Member of the House of Lords
- Lord Temporal
- as a hereditary peer 16 December 1815 – 16 March 1842
- Preceded by: The 11th Duke of Norfolk
- Succeeded by: The 13th Duke of Norfolk

Personal details
- Born: Bernard Edward Howard 21 November 1765
- Died: 16 March 1842 (aged 76)
- Spouse: Lady Elizabeth Belasyse ​ ​(m. 1789; div. 1794)​
- Children: Henry Howard, 13th Duke of Norfolk
- Parent(s): Henry Howard Juliana Molyneux

= Bernard Howard, 12th Duke of Norfolk =

British peer (1765–1842)

Bernard Edward Howard, 12th Duke of Norfolk (21 November 1765 – 16 March 1842), was a British peer.

==Early life==
Howard was the son of Henry Howard (1713–1787) by his wife Juliana Molyneux, daughter of Sir William Molyneux, 6th Baronet (died 1781), of Teversall, Nottinghamshire, High Sheriff of Nottinghamshire 1737. His great-grandfather, Bernard Howard, was a younger son of Henry Howard, 15th Earl of Arundel. He was the older brother of chemical engineer Edward Charles Howard.

==Career==
Howard succeeded to the title of Duke of Norfolk in 1815 upon the death of his cousin, Charles Howard, 11th Duke of Norfolk.

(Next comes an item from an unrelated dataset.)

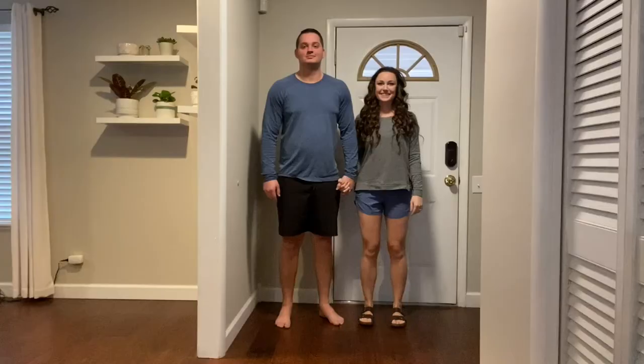This week our theme was fall modern style of clothes. Basically I had a cute blazer that I wanted to be able to wear, so we kind of made outfits around it. Yeah, that's what we do. Hope you enjoy!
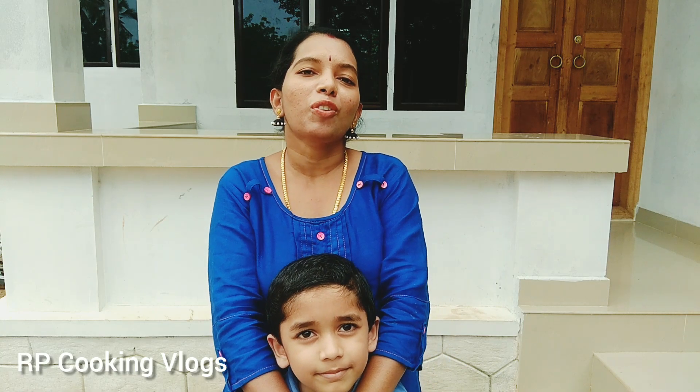Hello, welcome to our RPCookie Vlogs. This is the recipe for our beef.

An ardent Roman Catholic, like most of his family, he strongly supported Catholic Emancipation, and gave offence to his Protestant neighbours by giving a banquet to celebrate the passage of the Roman Catholic Relief Act 1829.

He was elected a Foreign Honorary Member of the American Academy of Arts and Sciences in 1803. In 1834, the Duke of Norfolk was invested by King William IV into the Order of the Garter.

==Personal life==
On 23 April 1789, he married Lady Elizabeth Belasyse (1770–1819), daughter of Henry Belasyse, 2nd Earl Fauconberg, and the former Charlotte Lamb. She was a first cousin of Lord Melbourne and Lady Cowper. Before the couple divorced five years later in May 1794, they were the parents of:

- Henry Howard, 13th Duke of Norfolk (1791–1856), who married Lady Charlotte Sophia Leveson-Gower (1788–1870), the eldest daughter of George Leveson-Gower, 1st Duke of Sutherland, and Lady Elizabeth Sutherland, suo jure Countess of Sutherland (only daughter of William Sutherland, 18th Earl of Sutherland). She served as Lady of the Bedchamber from 1842 to 1843.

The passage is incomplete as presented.